Workshop: Par-lectric (in-the-white)

This was Wednesday's project -- to transform a neck and fretboard blank I'd glued-up and some parts-on-hand into a new electric guitar. I'd wanted to make a non-cutaway, parlor-shaped thing (it's traced off of one of my 1880s guitars) for a while and it felt good to get around to it. This has a Douglas fir body, 3-piece maple neck, rosewood board, and GFS-supplied lipstick-style pickup. It's a bit rough around the edges -- but I wasn't shooting for perfection as I only wanted to have about 5-6 hours into it so I could get back to "real" work.

It's currently "in the white" on the body as I'm going to sand it up a bit more and then the wifey's going to paint some sort of super-cool scene on it before finishing.

I think my minimalist approach veered a bit close to those absurd Picasso guitars you see in some of his paintings. It's very simple: one pickup, one volume. The brass plate hides the wiring to make it easily accessible and the knob is crammed up under the bridge since I only ever use them to mute the guitar when not in use or tuning with a clip-on tuner.

The nut is a full 1 11/16" but I did use a narrow headstock and thinner side-to-side spacing at the end of the neck -- both inspired by the Danelectros and 50s/60s Harmony electrics that I find to be my "comfort food."

Like I said -- don't look too close -- I put this together to try some ideas so it's not perfectly beautiful, but it gets the job done.

One of the things I wanted to try was a quite-raised neck joint so it'd handle like a modern jazz guitar... and it does! I used top-mounted screws like a Baby Taylor rather than rear-mounted like a Fender. Don't know why -- just wanted to try it, and it works swell.

The board is fretted with "small medium" frets and the neck meets the body at the 15th fret. I think if I make more of this type of guitar in the future I may do a regular "12 fret" join instead. I like having the access but I think the long join gives this more of a wacko-50s look more than a wacko-30s look.

The pickup? It's a little higher-output than a vintage Dano-style pickup and so it gives a little bit more of a mids-thump. This is ideal because I wanted that Dano sparkle and clarity but a bit more of a thick chop chord sound so it could do "old country" at the same time as it does "old jazz."

The bridge is fully adjustable.

I admit that I chose these tuners entirely for their buttons, hah hah. They fit with the weird aesthetic.

There's no truss rod in this neck but I glued it up from 3 on-the-quarter cuts of hardware-store variety maple I've had hanging out in my wood-store for a few years. I reversed the "side" of the wood for each glue-up and so it's very sturdy and I don't expect much warping trouble.

Here's my "fifth bolt" in the neck. While the "wrap around" heel is very cool for maintaining a vintage look, I don't think it's necessary. Having an extra screw here, though, makes this neck joint super-stable, I must say.
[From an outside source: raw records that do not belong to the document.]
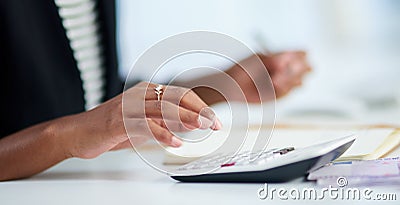 Accounting, woman and hand with calculator in office for company review, budget and analysis. Corporate, accountant and Stock Photo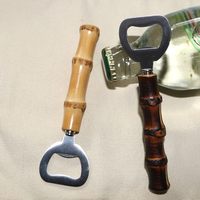 Abrebotellas de cerveza con tapa de acero inoxidable con mango de raíz de bambú único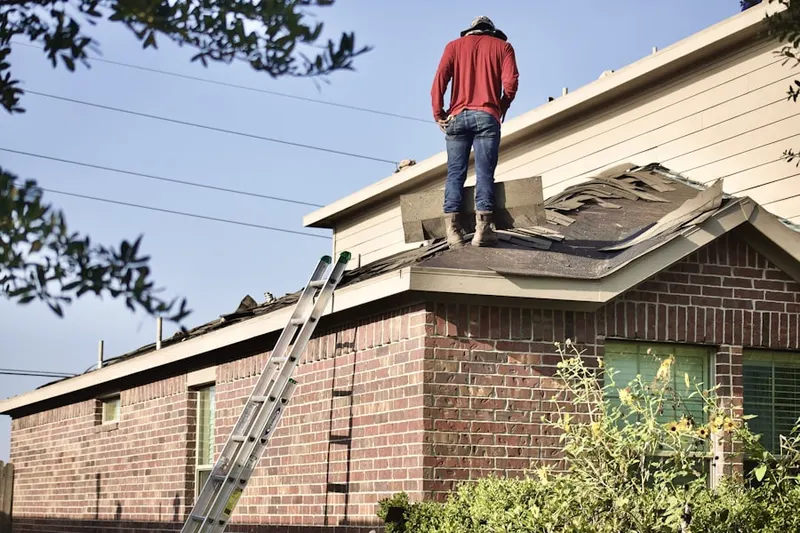 Professional roofer working on a residential roof in Hugo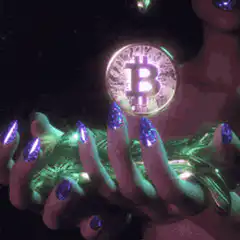 Glowing Bitcoin in hands
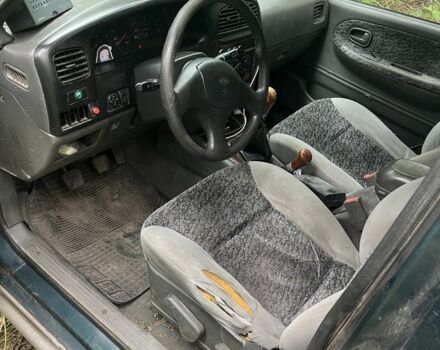 Зеленый Киа Sportage, объемом двигателя 2 л и пробегом 300 тыс. км за 3000 $, фото 4 на Automoto.ua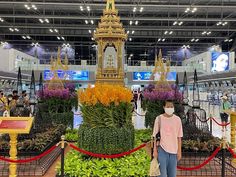 a man standing in front of a display of flowers and plants at an indoor plant show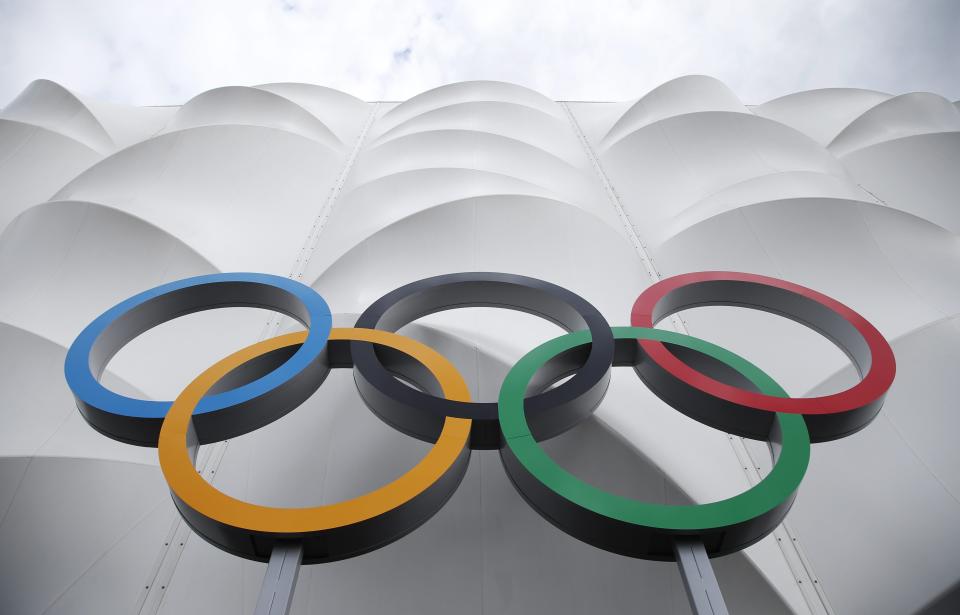 FILE - The Olympic rings are displayed outside the basketball arena in the Olympic Park before the start of the 2012 Summer Olympics in London, on July 15, 2012. Olympic organizers from Australia said Wednesday, June 28, 2023 they have safeguards in place to stop the 2032 Brisbane Games joining Paris, Tokyo and Rio de Janeiro under investigation for financial wrongdoing. (AP Photo/Jae Hong, File)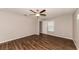 Bedroom with ceiling fan and window with blinds at 19474 Strathcona Ave, Port Charlotte, FL 33954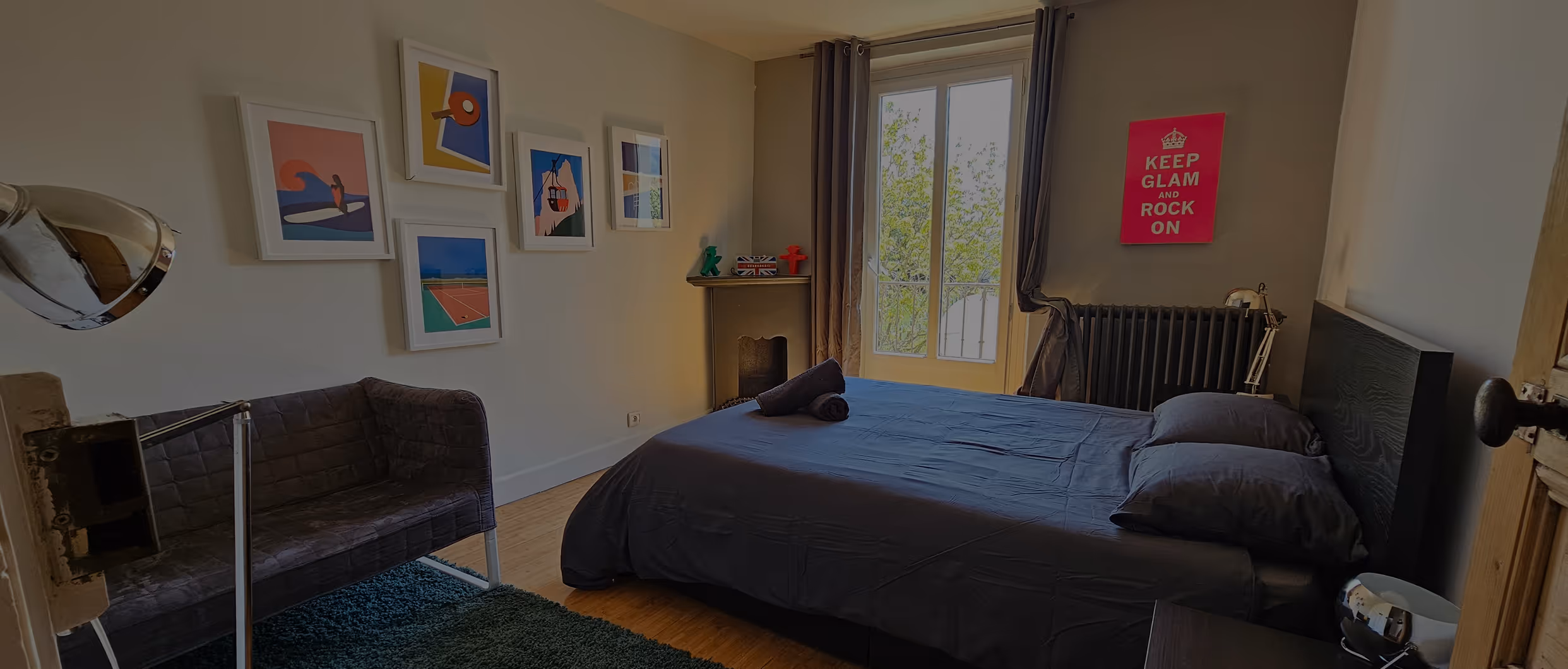 Room with a double bed draped with grey linen, a window, curtains, a radiator, and a pink 'Keep glam and rock on' poster.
I stole the back-jack idea after seeing some on a few "hipster" guitars. Way cool. This is the best location I've tried, yet. When sitting it's totally out of the way and when standing up it shoots the cable right to where you're going to hang it over the end of your strap to drop on the floor "just right" and out of the way of your feet.

I'm a convert.

Oona wanted her pic taken. Fair enough! Handmade dress, handmade guitar. We're on the right path, folks.


albox said…
This looks great!
Seonachan said…
In keeping with the Picasso look, you should put the fret markers to one side, Goya-style.
Jake Wildwood said…
#1 thanks!

#2 hilarious, I like. :)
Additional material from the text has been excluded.